Image-caption web data
===============
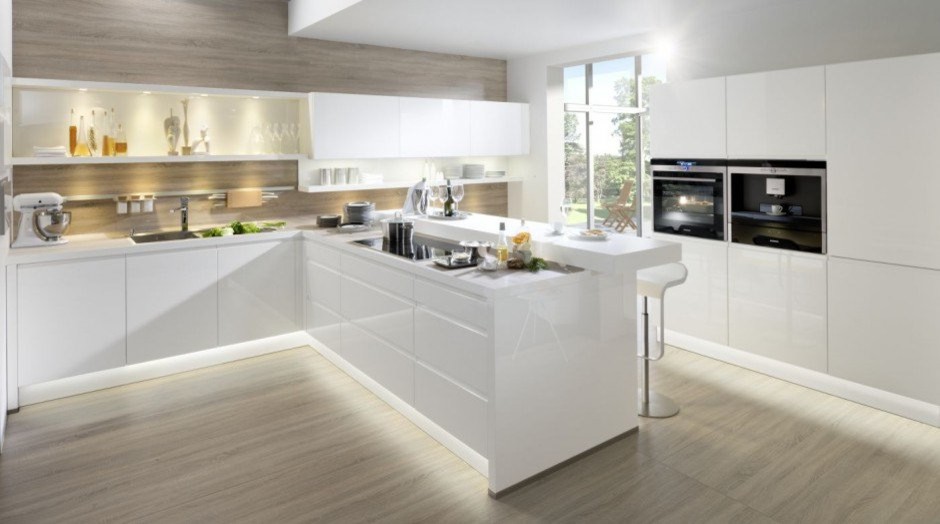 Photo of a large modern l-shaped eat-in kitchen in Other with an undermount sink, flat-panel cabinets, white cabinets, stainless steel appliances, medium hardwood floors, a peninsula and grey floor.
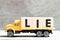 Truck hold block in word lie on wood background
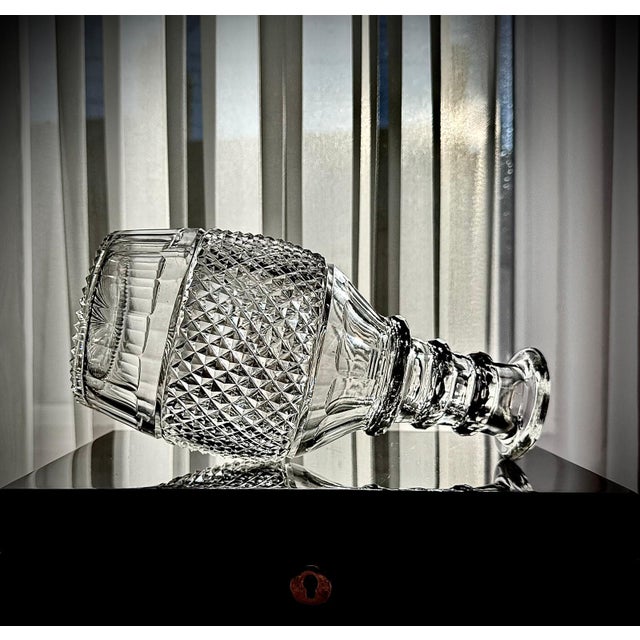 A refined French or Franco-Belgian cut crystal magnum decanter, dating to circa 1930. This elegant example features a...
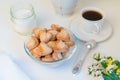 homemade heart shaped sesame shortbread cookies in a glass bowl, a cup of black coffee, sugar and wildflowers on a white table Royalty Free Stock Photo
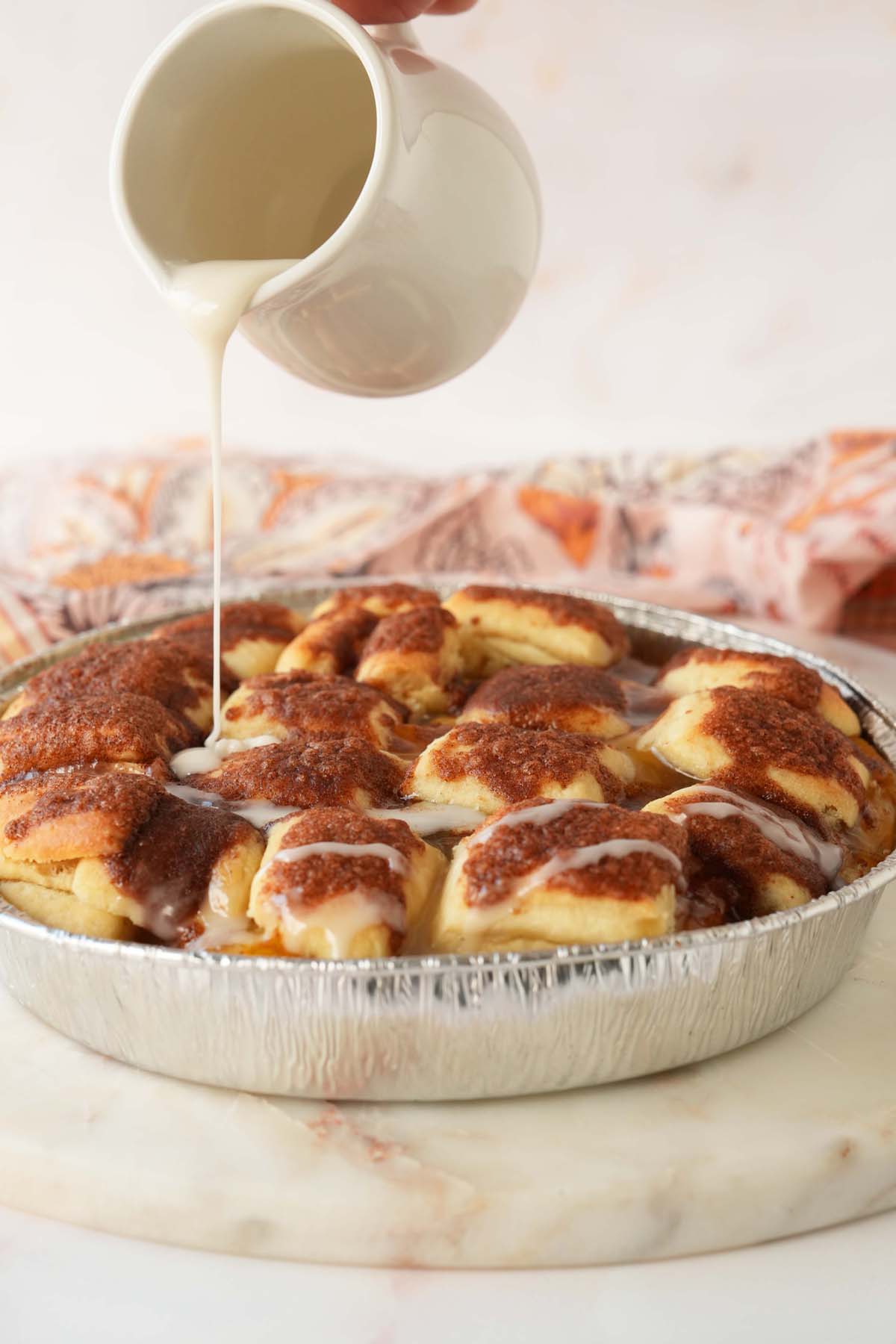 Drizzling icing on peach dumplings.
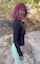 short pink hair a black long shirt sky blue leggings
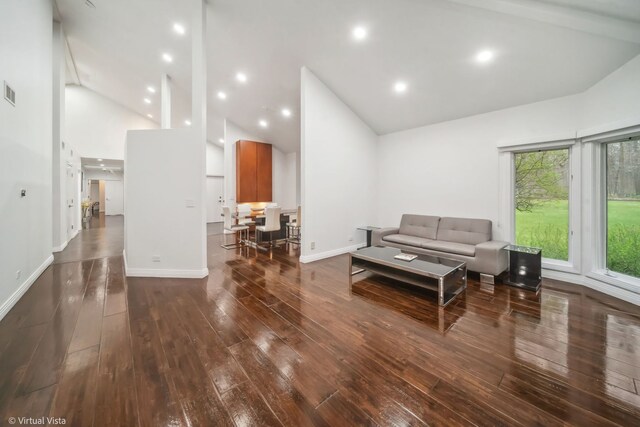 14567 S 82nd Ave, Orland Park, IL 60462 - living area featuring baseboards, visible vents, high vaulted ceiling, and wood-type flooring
===============
Return exactly, with no pictures, each line from the one that contains "short pink hair" through the end of the entries above, both ends included.

RESULT FOR THIS TASK -
 short pink hair a black long shirt sky blue leggings
 14567 S 82nd Ave, Orland Park, IL 60462 - living area featuring baseboards, visible vents, high vaulted ceiling, and wood-type flooring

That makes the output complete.